**HOW TO COMPLETE THIS TASK**. Each entry is to be retyped exactly as it appears, and each image is to be dropped.
++++ RECORDS SUPPLIED
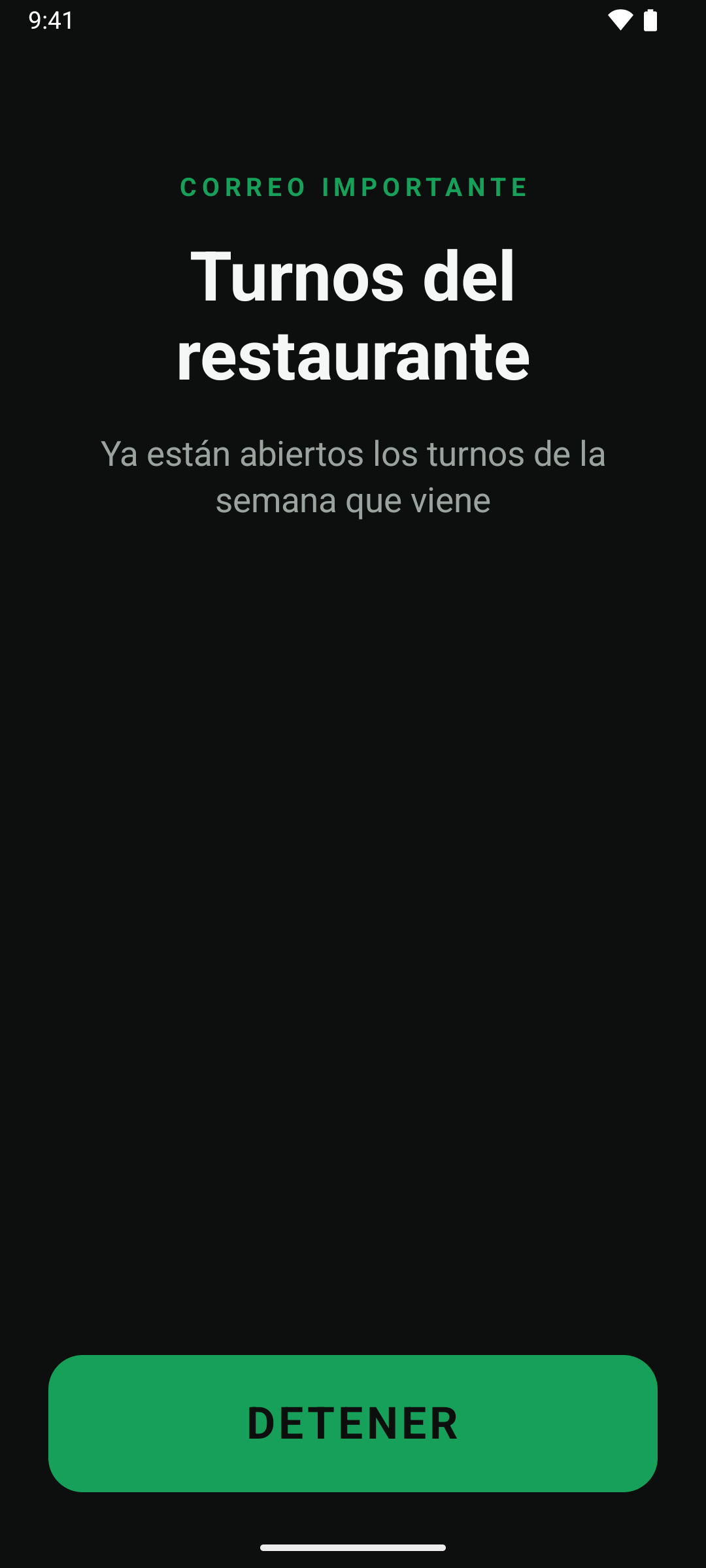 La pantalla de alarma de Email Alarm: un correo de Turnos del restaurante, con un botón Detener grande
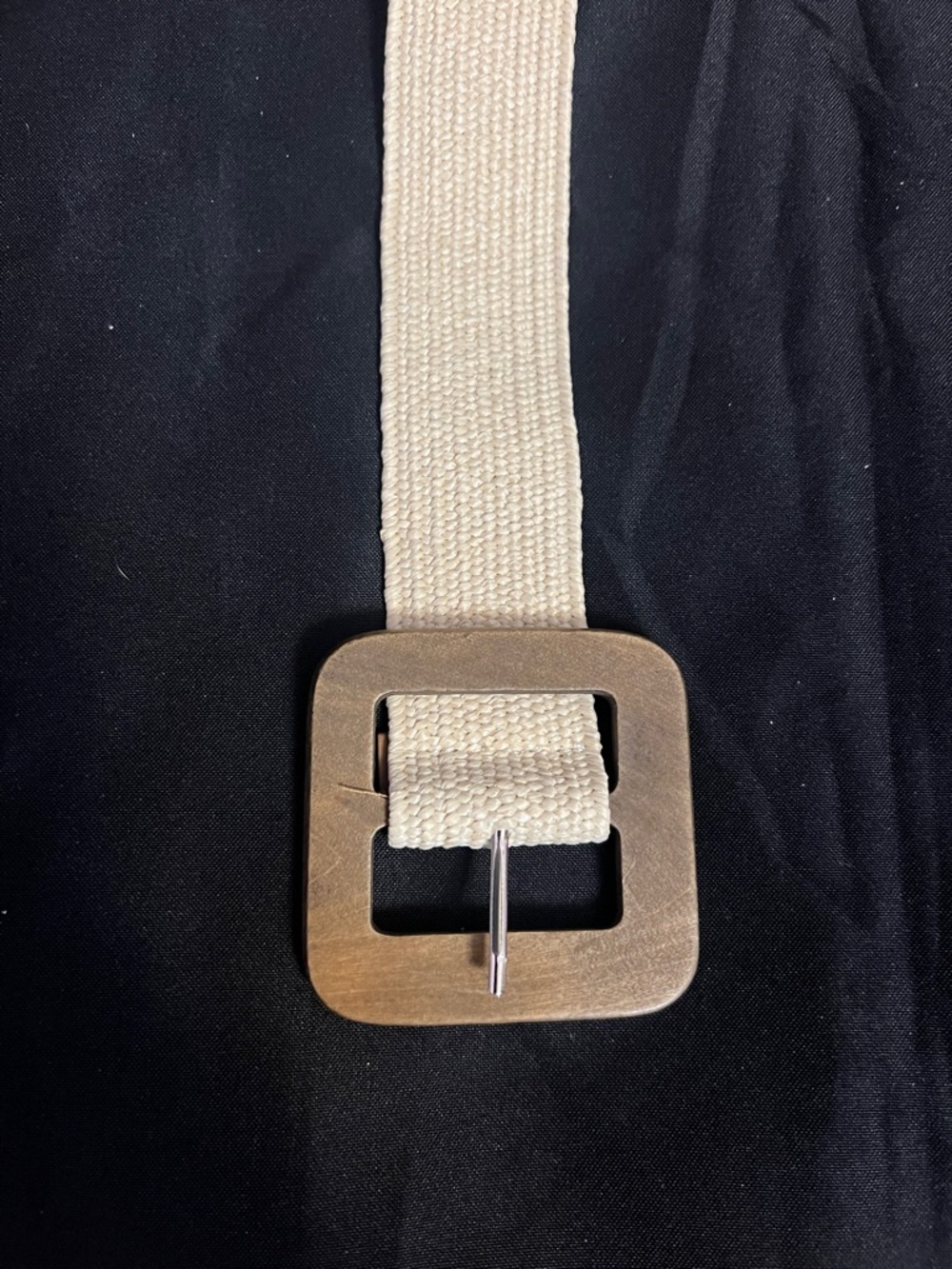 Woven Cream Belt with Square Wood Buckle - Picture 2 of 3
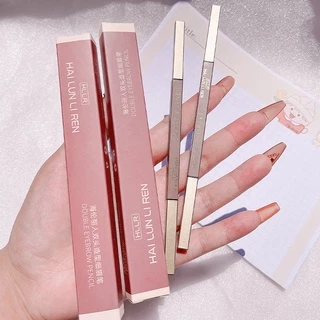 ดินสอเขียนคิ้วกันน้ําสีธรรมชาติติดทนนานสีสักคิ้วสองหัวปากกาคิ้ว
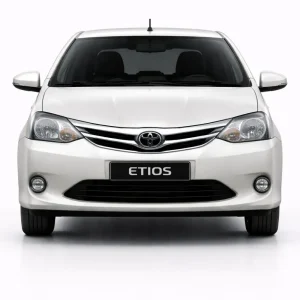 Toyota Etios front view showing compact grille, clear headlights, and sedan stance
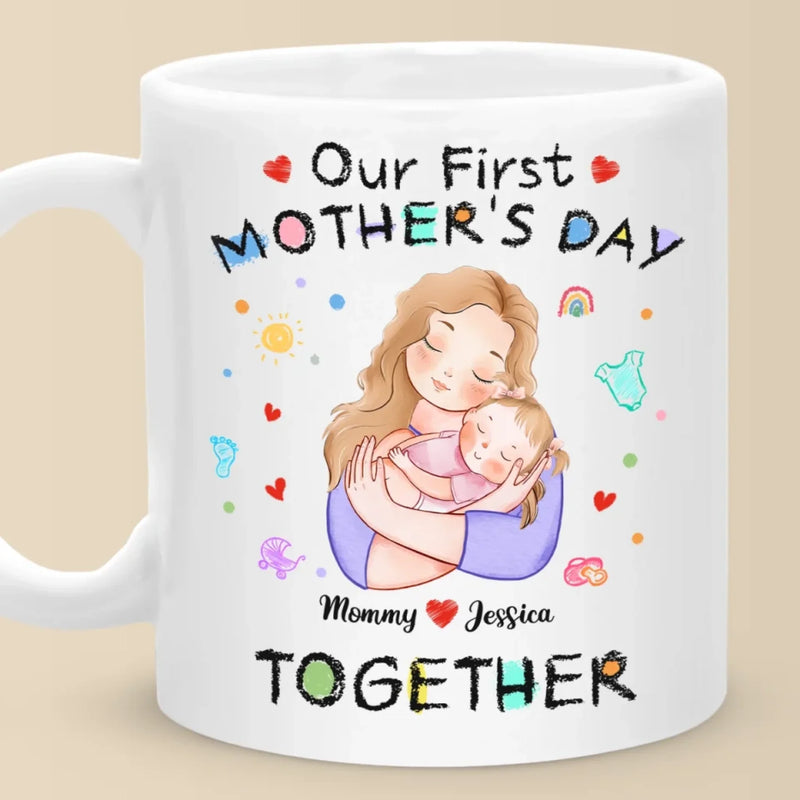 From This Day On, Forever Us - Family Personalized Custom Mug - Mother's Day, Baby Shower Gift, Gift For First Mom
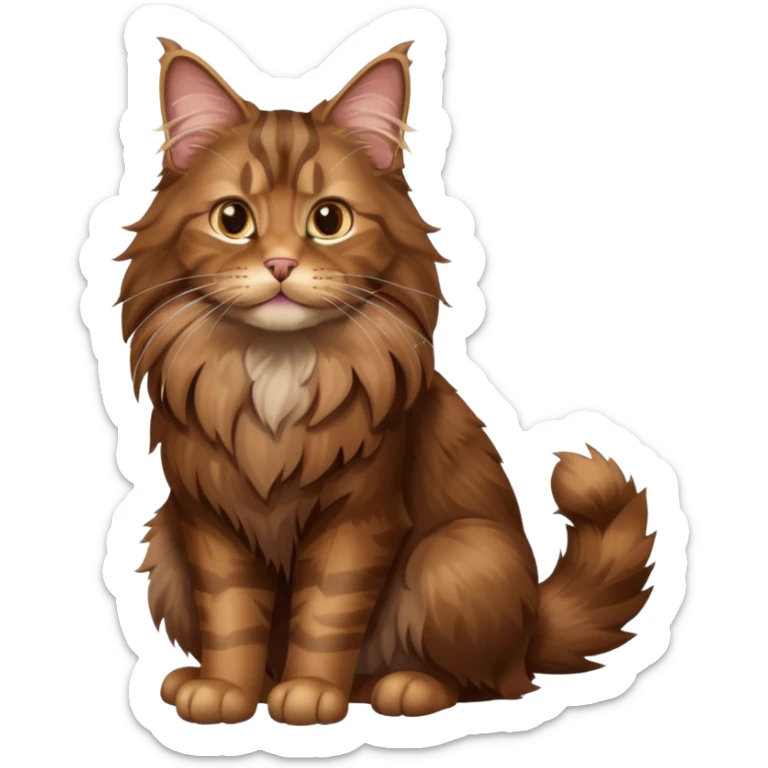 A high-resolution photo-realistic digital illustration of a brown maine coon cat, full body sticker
++++++++
**FINISHED EXERCISE**.
 La pantalla de alarma de Email Alarm: un correo de Turnos del restaurante, con un botón Detener grande
 Woven Cream Belt with Square Wood Buckle - Picture 2 of 3
 ดินสอเขียนคิ้วกันน้ําสีธรรมชาติติดทนนานสีสักคิ้วสองหัวปากกาคิ้ว
 Toyota Etios front view showing compact grille, clear headlights, and sedan stance
 From This Day On, Forever Us - Family Personalized Custom Mug - Mother's Day, Baby Shower Gift, Gift For First Mom
 A high-resolution photo-realistic digital illustration of a brown maine coon cat, full body sticker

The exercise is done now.